For everyone, of course, would fawn over him. No one would behave naturally. No one would relax and enjoy the dancing. And no one would talk of anyone else but him for days - or more likely weeks - to come.
As if some god had favored them by dropping into their midst.
And yet it seemed clear to her that he despised them all - or that at the very least he found them all a colossal bore.
She wished he had come tomorrow - or not at all.

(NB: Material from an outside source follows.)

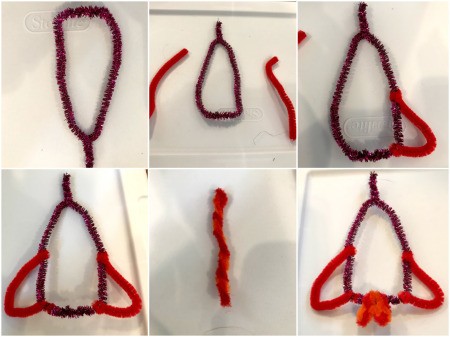 Growing Borax Crystals - pipe cleaner rocket ship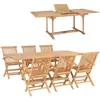 vidaXL Meuble à dîner d'extérieur 7 pcs 150-200x100x75 cm Teck massif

He was dressed all in black and white, a fashion she had heard was all the crack in London. When she had heard it, she had thought /how very dull, how very unattractive./ She had been wrong, of course.
He looked sleek, elegant, and perfect.
He looked like every woman's ideal of a romantic hero. Like that Adonis they all dreamed of, especially on St. Valentine's Day, come to sweep them off their feet and onto his prancing white courser and away to a happily-forever-after in his castle in the clouds - white, fluffy ones, not damp, gray, English ones.
But Vanessa deeply resented him. If he despised them and their offered entertainment so much, he could at least have had the decency to look like a gargoyle.
She heard the echo of the sigh that had wafted about the assembly rooms like a breeze and fervently hoped she had not shared in it. "Which one do you suppose is Viscount Lyngate?" Louisa asked in a whisper - necessary in the hush that had fallen over the room - as she leaned closer to Vanessa's right ear. "The handsome one, without a doubt," Vanessa said. "I would wager on it." "Ah," Louisa said, regret in her voice. "I think so too. He is impossibly gorgeous even if he is /not /blond, but he does not look as if he would be bowled over by my charms, does he?" No, he certainly did not. Or by anyone else's from this humble, obscure corner of the world. His whole bearing suggested a man with an enormous sense of his own consequence. He was probably only ever bowled over by his own charms. /What on earth /was he doing in Throckbridge? Had he taken a wrong turn somewhere?